[Opening SUPPLIED DATA section]
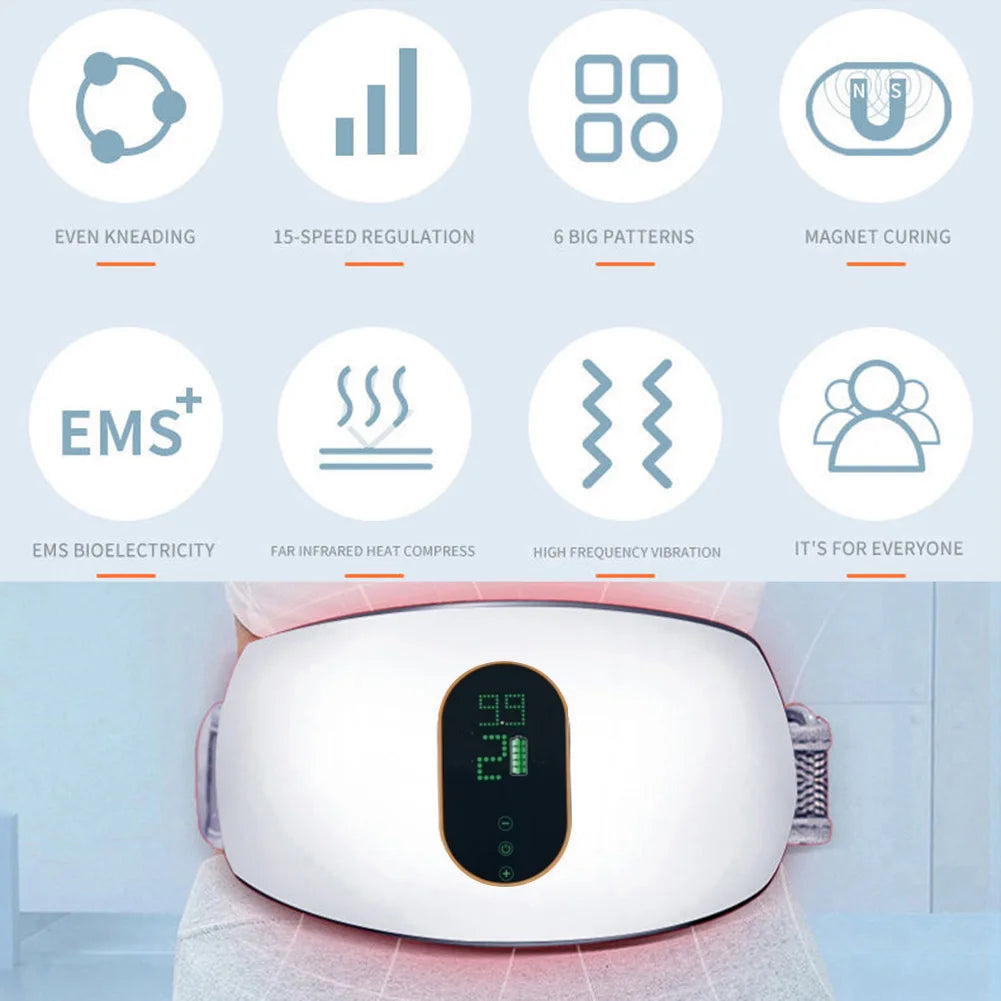 Electric Abdominal Sculpting Massager - view 3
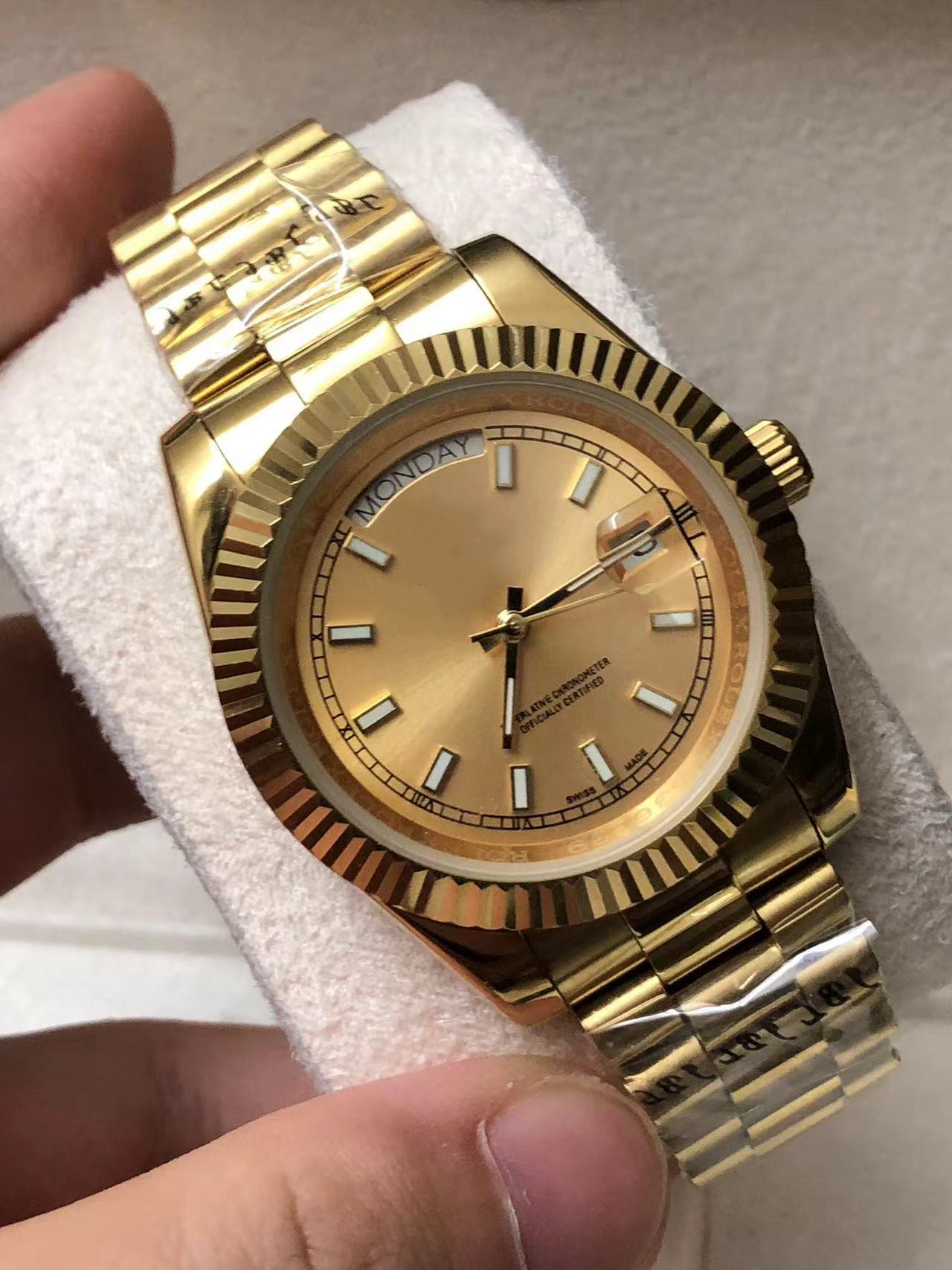2023 Mens Watch Datejust Date Day 41mm Stainless Steel Watches Men 2813 Mechanical Automatic President Mens Watches waterproof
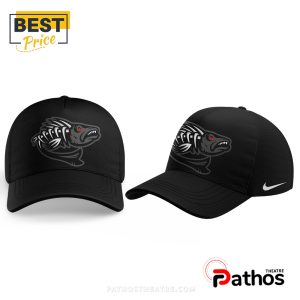 toledo walleye bone fish blackout night hoodie cap 4 hNtpS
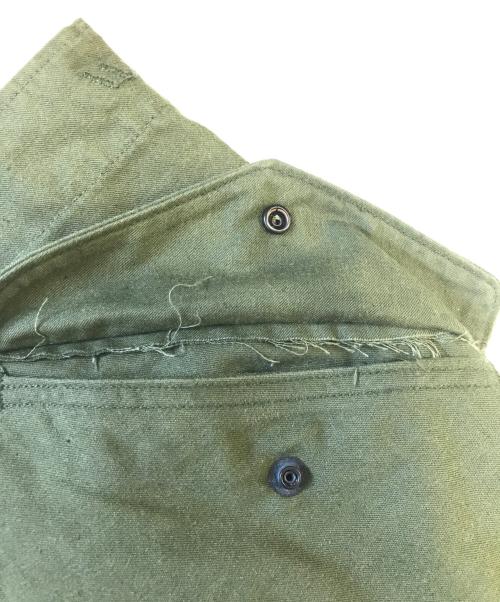 US ARMY（ユーエスアーミー）US ARMY (ユーエスアーミー) M-65 COLD WEATHER FIELD TROUSERS グリーン サイズ:S-Rの古着・服飾アイテム
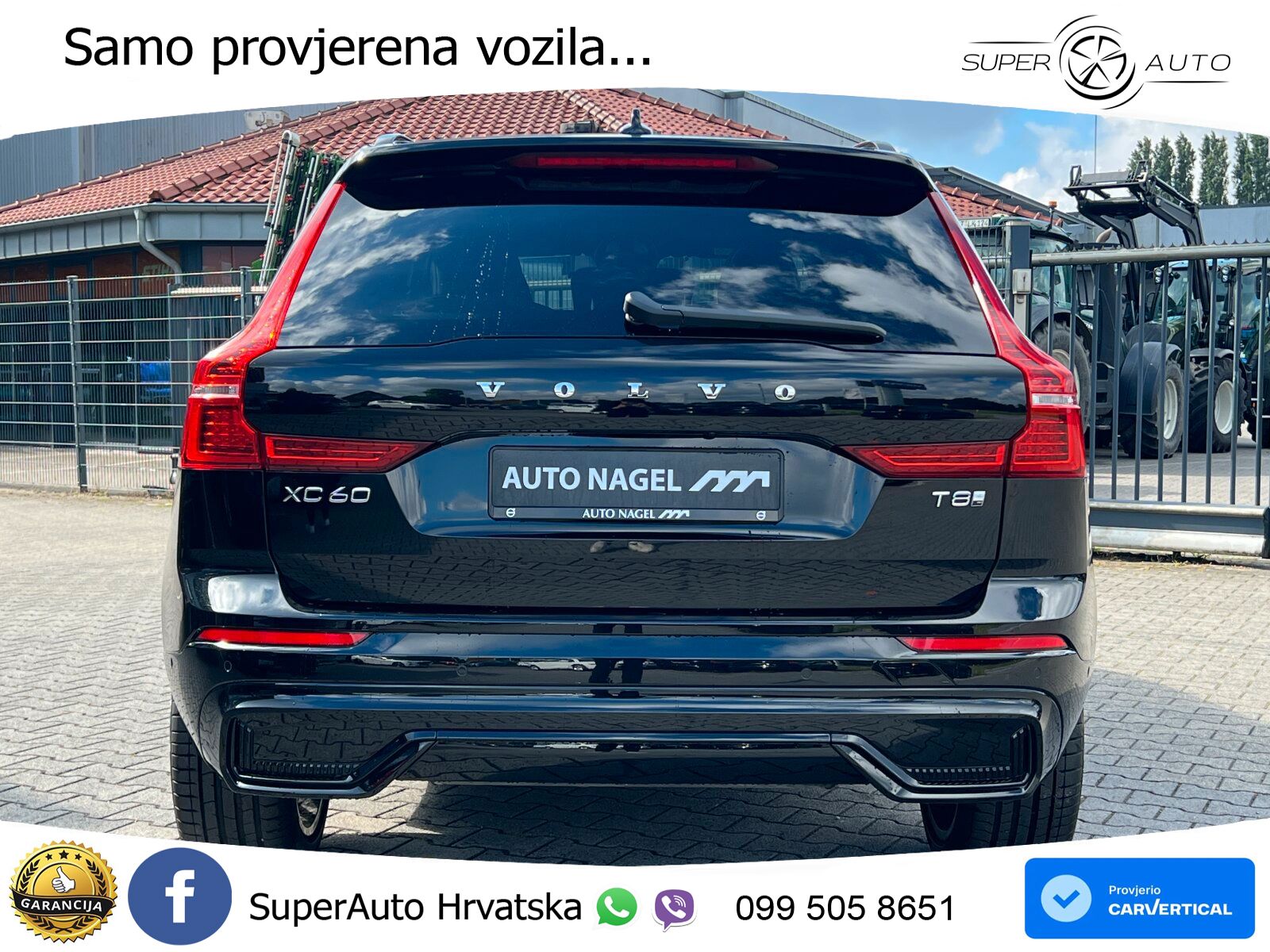 Volvo XC60 T8 AWD Geartronic LED+GR SJED+ACC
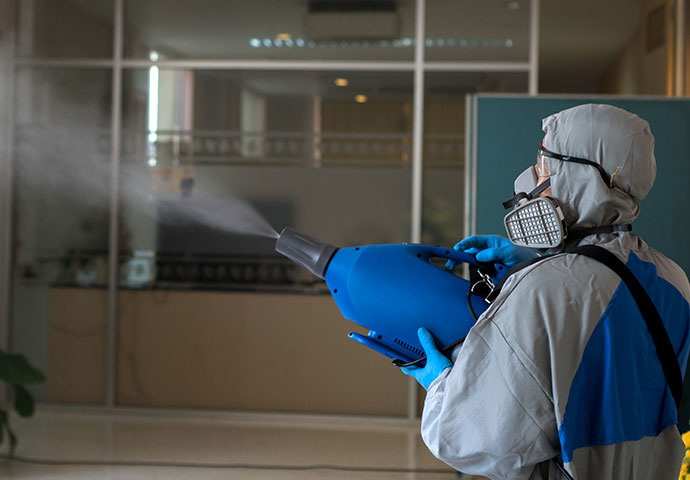 Уничтожение насекомых в районе метро Каширская Москва 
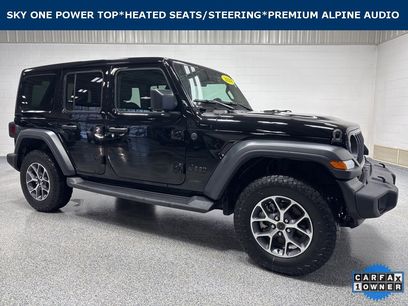 Used 2024 Jeep Wrangler Sport S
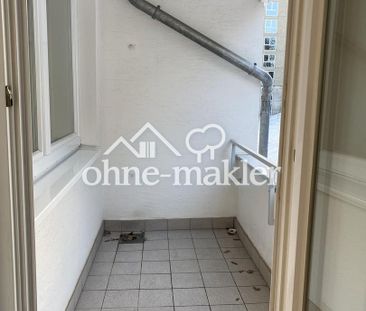 Sehr schöne 3ZKB im 2.OG mit Aufzug, inkl. ! EBK, renov., 2 Balkone... - Foto 6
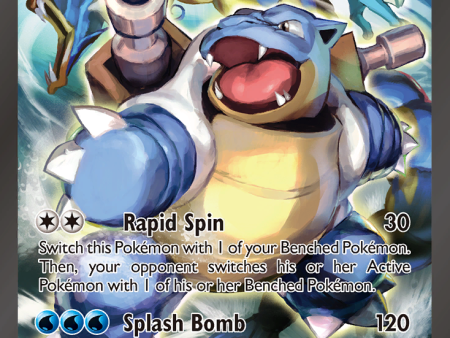 Blastoise EX (XY122) [XY: Black Star Promos] Discount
[Closing SUPPLIED DATA section]
## EXERCISE DIRECTIONS
Find the line holding "Used 2024 Jeep Wrangler Sport S" in the data above. Retype it and every later line exactly, through the end, but not the pictures.

## SOLUTION TO THIS TASK
 Used 2024 Jeep Wrangler Sport S
 Sehr schöne 3ZKB im 2.OG mit Aufzug, inkl. ! EBK, renov., 2 Balkone... - Foto 6
 Blastoise EX (XY122) [XY: Black Star Promos] Discount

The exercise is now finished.